At the gawky age of 11 when I was obsessed with purple and my dog Hildegaard…oh and Daddy, the substitute one, I learned what gratitude felt like. That first real feeling of having, and then NOT having was it -I figured. In the turn of a day things could change and that was enough. The realization was as big as that first dip in the lake in summer, I felt that childish renewal; the feeling of what really matters.

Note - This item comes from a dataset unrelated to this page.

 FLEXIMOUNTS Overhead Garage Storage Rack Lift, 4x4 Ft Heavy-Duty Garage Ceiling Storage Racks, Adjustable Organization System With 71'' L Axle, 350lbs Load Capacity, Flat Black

The line was small at the food bank. It was “small” given that it should have been much bigger given it was day one of the first round of big Boeing layoffs. By small I mean, it was 15 or so deep; fifteen or so meaning- fifteen people waiting to fill an empty paper bag with groceries so they could eat that week. There were days I had driven by the one In Pioneer Square and seen that line winding around the block; so today I didn’t mind the wait, because it somehow felt different than that line, more right than wrong.
Pink was never my favorite color- that was purple. But this pink slip of paper in my Daddy’s hand made him joke a little less and seemed to take the bounce out of his step. The bounce was usually there, up until my brother left one day when I was 18 and he never came home. Usually Daddy beamed at me I flashed my Snoopy smile back. When we did errands and he bought me waffle Stompers at Sears and Potato cakes at Arby’s, It made me feel more special than one of those pink loving girls at her first ballet recital. Pink slips don’t break us were his unspoken words. It seemed this pink ticket made time stop, so we could all observe reality together. Only it seemed to imbue the challenge of trying not to come apart too. I wondered why they hadn’t given out blue slips instead.

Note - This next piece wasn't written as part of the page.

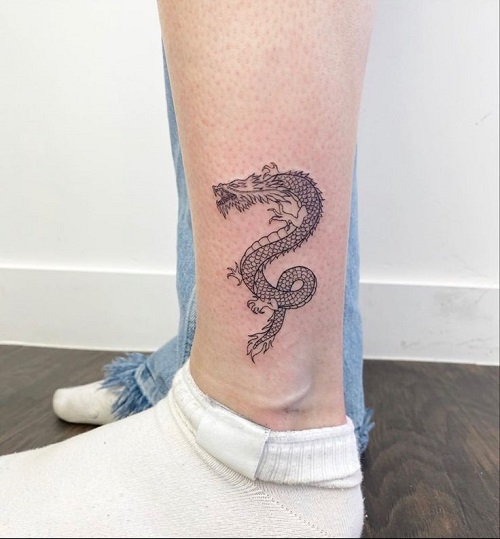 Inspiring Fine Line Dragon Tattoo 5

Still the paper in one hand and mine in the other didn’t take away from the love. I secretly liked that Daddy’s hands were calloused and rough with the edges of his trim nails stained black. He was manly and chaffed and Still faintly smelled of the container of hand stuff he got at McClendon’s regularly. It was magic the way it would wipe away the grease, magic stuff in a round shallow container that said “Goo.” Still his rough mechanic hands felt snug and warm against mine and I never wanted to know what my real fathers hands were like, Daddy made sure I’d never care. That day though is fresh still-I can see the sidewalk. I can see us step out of the old noisy VW red van. It was the day I tasted gratitude, it tasted like generic peanut butter with a black and white label and make Skippy forever taste like caviar.
That was the day gratitude would feel like honesty and forever smell like Old Spice. That day made me revel in small joys. I felt the day’s lesson when our new couch was delivered and they took away the old dog hair infested, tweedy, checkered fabric relic. A whole family simply awestruck with gladness- our joyous butts sitting for hours on progress. How could we feel so luxuriously spoiled, and how could this new couch take on opulence and be someone else’s normal? How lovely it is to have reminders that make us acknowledge, in all the day’s imperfections, the night still falls and the stars still shine. My 11 year old soul, dressed in purple, still knows that if I press hard and play honest, I will never have to taste another hunk of crumbly, salty, cheddar cheese we called “government cheese.” And by press hard I mean relive the day I learned gratitude.